3.8 Existing Holders. The Company agrees that the Existing Holders shall be third party beneficiaries of this Clause 3.
4. | Miscellaneous. |
4.1 Conditions Precedent. Subject to the immediately following sentence, the Parties agree and acknowledge that the provisions of this Agreement shall be conditional upon Closing taking place and shall come into effect upon Closing and expiration of the lock-up period under [Section 6.4] of the Share Purchase Agreement. Notwithstanding the foregoing, this Clause 4 and those provisions of this Agreement which are necessary for the purpose of interpretation of Clause 4 shall take effect upon the date first above written.
4.2 Governing Law. This Agreement, the rights and obligations of the parties hereto, and all claims or disputes relating hereto, shall be governed by and construed in accordance with the law of Hong Kong, without regard to the conflicts of law rules thereunder.
4.3 Dispute Resolution. Any dispute, controversy or claim arising out of or relating to this Agreement, including, but not limited to, any question regarding the breach, termination or invalidity thereof shall be finally resolved by arbitration in Hong Kong in accordance with the administered rules (the “Rules”) of the Hong Kong International Arbitration Centre (the “HKIAC”) in force at the time of commencement of the arbitration, which Rules are deemed to be incorporated by reference into this Section. The number of arbitrators shall be three and shall be selected in accordance with the Rules. All selections shall be made within thirty (30) days after the selecting party gives or receives, as the case may be, the demand for arbitration. The seat of the arbitration shall be in Hong Kong and the language to be used shall be English. Any arbitration award shall be (i) in writing and shall contain the reasons for the decision, (ii) final and binding on the parties hereto and (iii) enforceable in any court of competent jurisdiction, and the parties hereto agree to be bound thereby and to act accordingly.
4.4 Counterparts. This Agreement may be executed in two or more counterparts, each of which shall be deemed an original, but all of which together shall constitute one and the same instrument. Facsimile and e-mailed copies of signatures shall be deemed to be originals for purposes of the effectiveness of this Agreement.

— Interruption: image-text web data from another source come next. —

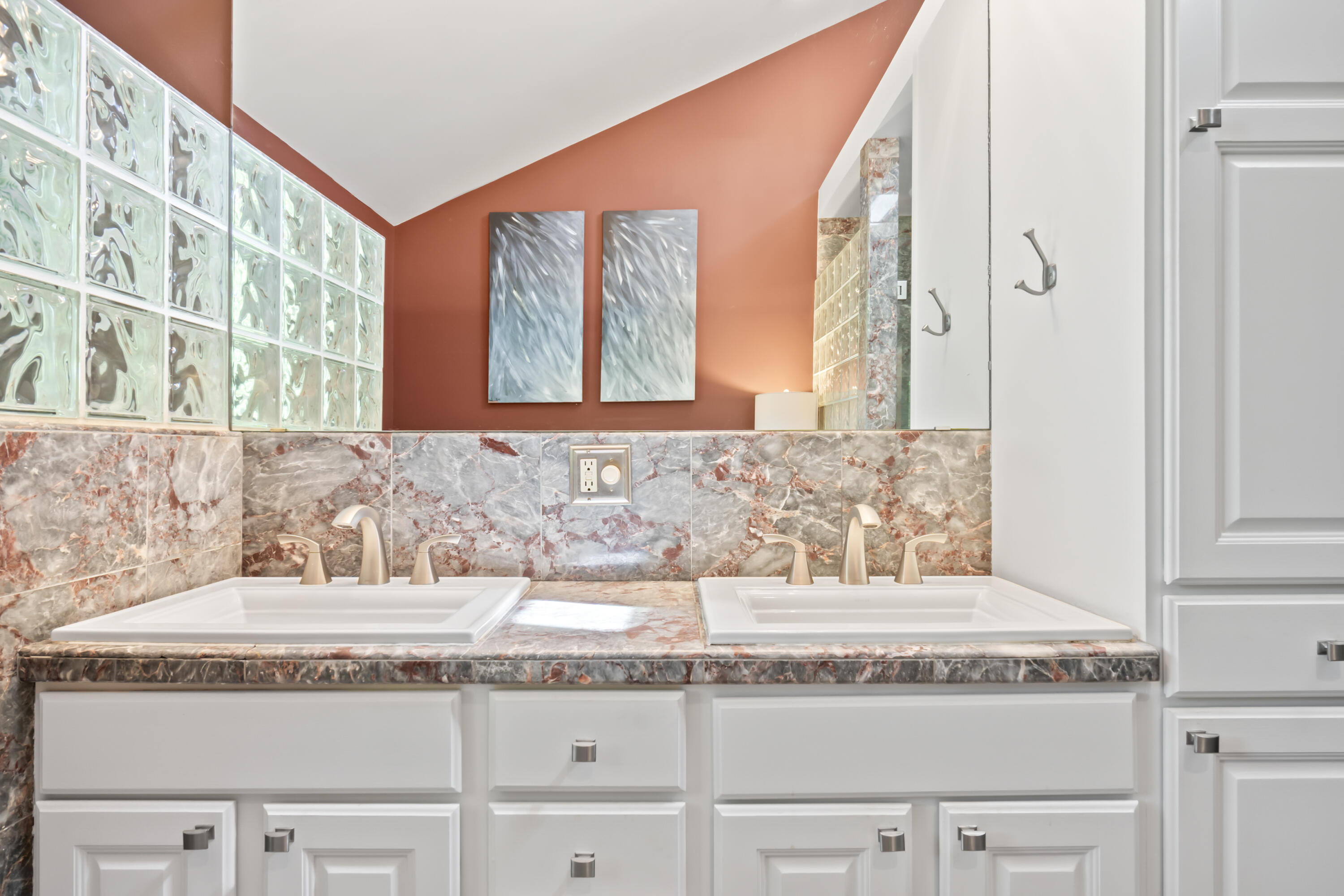 56 Old Kings Highway Ogunquit ME 03907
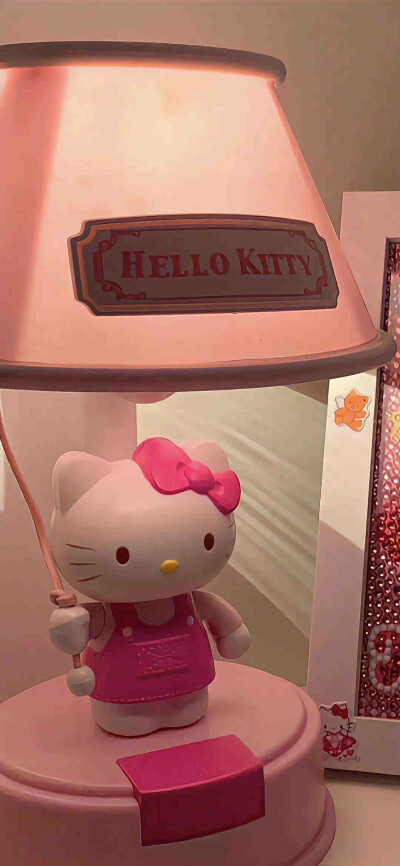 Hello Kitty 大脸猫 凯蒂猫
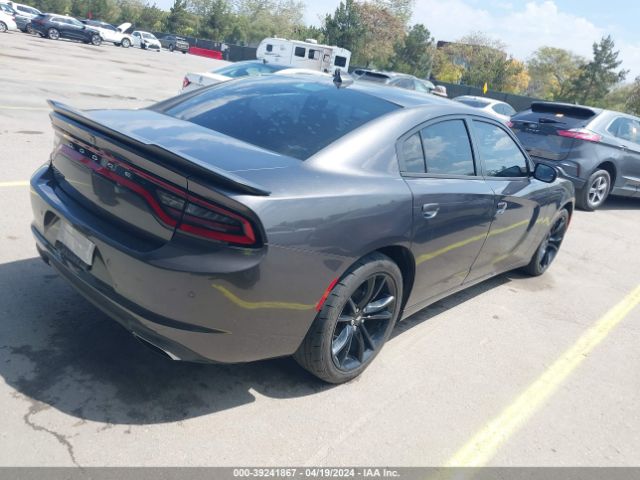2C3CDXHG7JH228462 Dodge Charger Sxt Plus Rwd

4.5 Notices. All notices and other communications under this Agreement shall be in writing and shall be deemed effectively given (i) when delivered personally by hand (with written confirmation of receipt), (ii) when sent by fax (with written confirmation of transmission) or (iii) two Business Days following the day sent by international overnight courier (with written confirmation of receipt), in each case at the addresses and facsimile numbers set forth on Schedule 2 (or to such other address or facsimile number as a Party may have specified by notice given to the other Parties pursuant to this provision).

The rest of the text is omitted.